COLORADO SPRINGS, Colo. — Dow Finsterwald, who won the 1958 PGA Championship when the major golf tournament switched from match play to stroke play, died Friday. He was 93.
Finsterwald died at his home in Colorado Springs, Colorado, his son told the Golf Channel. Dow Finsterwald Jr. said his father died peacefully in his sleep, according to The Associated Press.
The elder Finsterwald won 12 times on the PGA Tour from 1955 to 1963.
He was born Sept. 26, 1929, in Athens, Ohio, and attended Ohio University, according to the news organization.
Finsterwald lost the 1957 PGA Championship 2 and 1 to Lionel Hebert. In 1958, the tournament’s format switched to stroke play, and Finsterwald won the PGA Championship at Llanerch Country Club in Havertown, Pennsylvania, according to the Golf Channel.
He defeated Billy Casper by two strokes and was named the PGA Player of the Year in 1958, the news outlet reported.
A contemporary of Arnold Palmer, one of Finsterwald’s earliest college matches came against the golf Hall of Famer when Palmer starred at Wake Forest University, according to the AP. The pair became close friends until Palmer’s death in 2016; Finsterwald spent his winters at Palmer’s Bay Hill Club and Lodge.
Finsterwald played on four U.S. Ryder Cup teams (1957, ‘59, ‘61 and ‘63) and was the non-playing captain of the winning 1977 squad, according to the Golf Channel. He also won the Vardon Trophy for the lowest scoring average on the PGA Tour in 1957.

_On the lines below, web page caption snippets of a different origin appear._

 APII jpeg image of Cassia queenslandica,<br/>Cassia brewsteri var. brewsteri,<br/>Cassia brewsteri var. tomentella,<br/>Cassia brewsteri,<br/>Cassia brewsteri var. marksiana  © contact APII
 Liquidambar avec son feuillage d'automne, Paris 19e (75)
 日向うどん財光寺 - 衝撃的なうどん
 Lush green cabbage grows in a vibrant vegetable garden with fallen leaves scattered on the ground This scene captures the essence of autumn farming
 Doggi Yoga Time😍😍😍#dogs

Inducted into the PGA of America Hall of Fame in 2006, Finsterwald was vice president of the PGA of America from 1976 to 1978.

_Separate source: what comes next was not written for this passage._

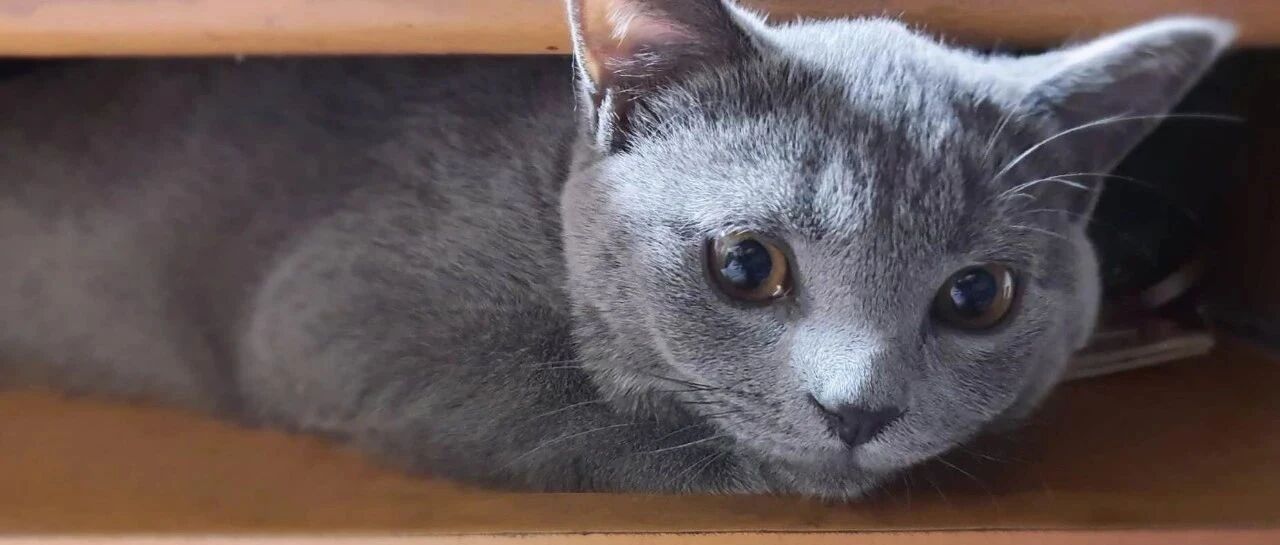 老公失联半年，留下三个孩子和没还完的房贷，我向父母借钱还清了房贷，如果离婚的话，房子和孩子归谁？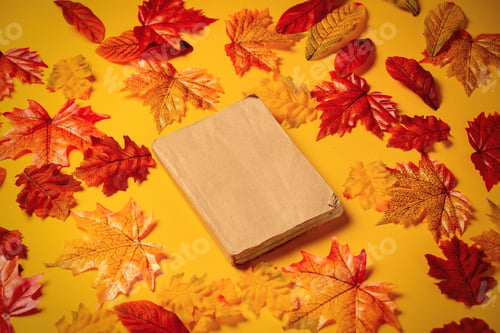 Preview: Romantic book with autumn leaves on yellow background. Top view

For nearly 30 years beginning in 1963, Finsterwald was the director of golf at The Broadmoor Golf Club in Colorado Springs, the Denver Post reported. He was inducted into the Colorado Sports Hall of Fame in 2016, according to the newspaper. Finsterwald also was inducted into the Ohio Golf Association Hall of Fame in 1999.
The Dow and Linda Finsterwald Sport Management Scholarship is awarded at Ohio University.